*Task*
Drop every image, then reproduce the data exactly as given.

*Supplied material*
***

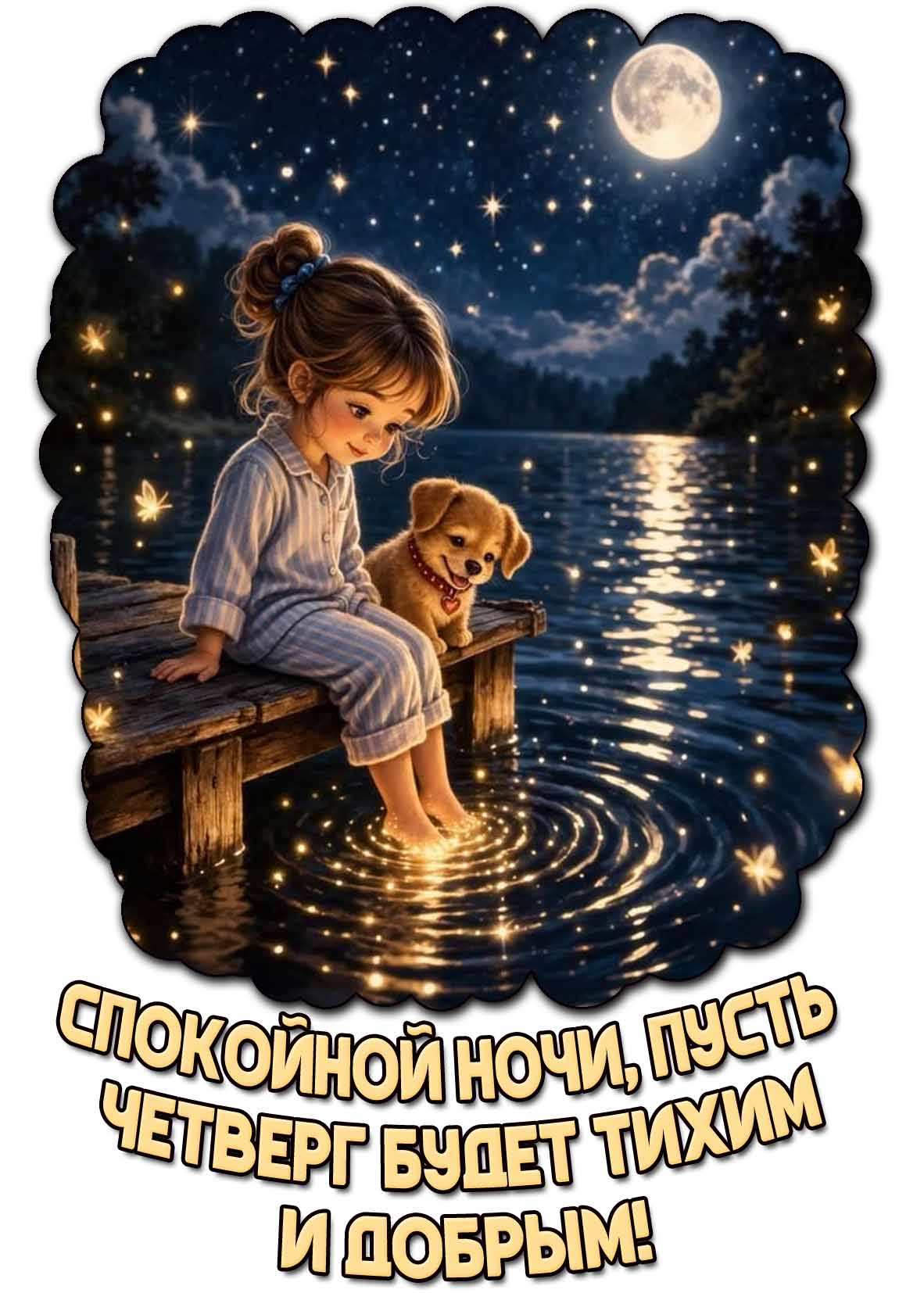 Детская открытка "Спокойной ночи, пусть четверг будет тихим и добрым!"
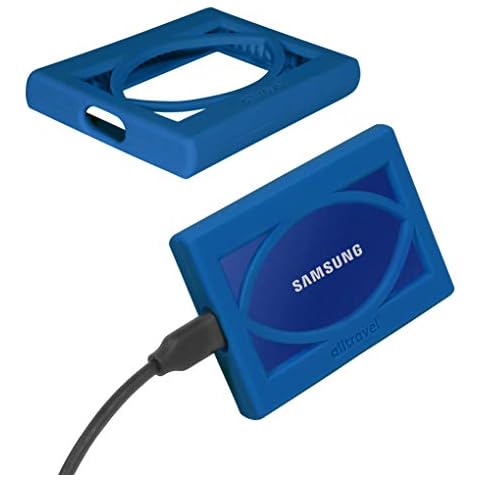Alltravel Silicone Bumper Sleeve for Samsung T7, T7 Touch Portable SSD - 1TB, 2TB, 500GB - USB 3.2 External Solid State Drives (Blue) Cover
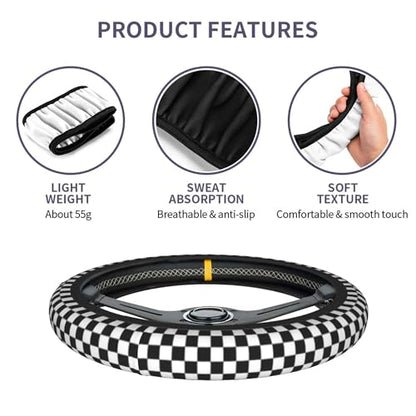 Checkered Steering Wheel Cover Checkered Black and White Steering Wheel Cover Checkereds Anti-Slip Breathable Universal for 14-15 Inch Car with 2 Pieces Car Coasters for Men Women - color: Checkered-Black and White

***

*Solution for this problem*
 Детская открытка "Спокойной ночи, пусть четверг будет тихим и добрым!"
Alltravel Silicone Bumper Sleeve for Samsung T7, T7 Touch Portable SSD - 1TB, 2TB, 500GB - USB 3.2 External Solid State Drives (Blue) Cover
 Checkered Steering Wheel Cover Checkered Black and White Steering Wheel Cover Checkereds Anti-Slip Breathable Universal for 14-15 Inch Car with 2 Pieces Car Coasters for Men Women - color: Checkered-Black and White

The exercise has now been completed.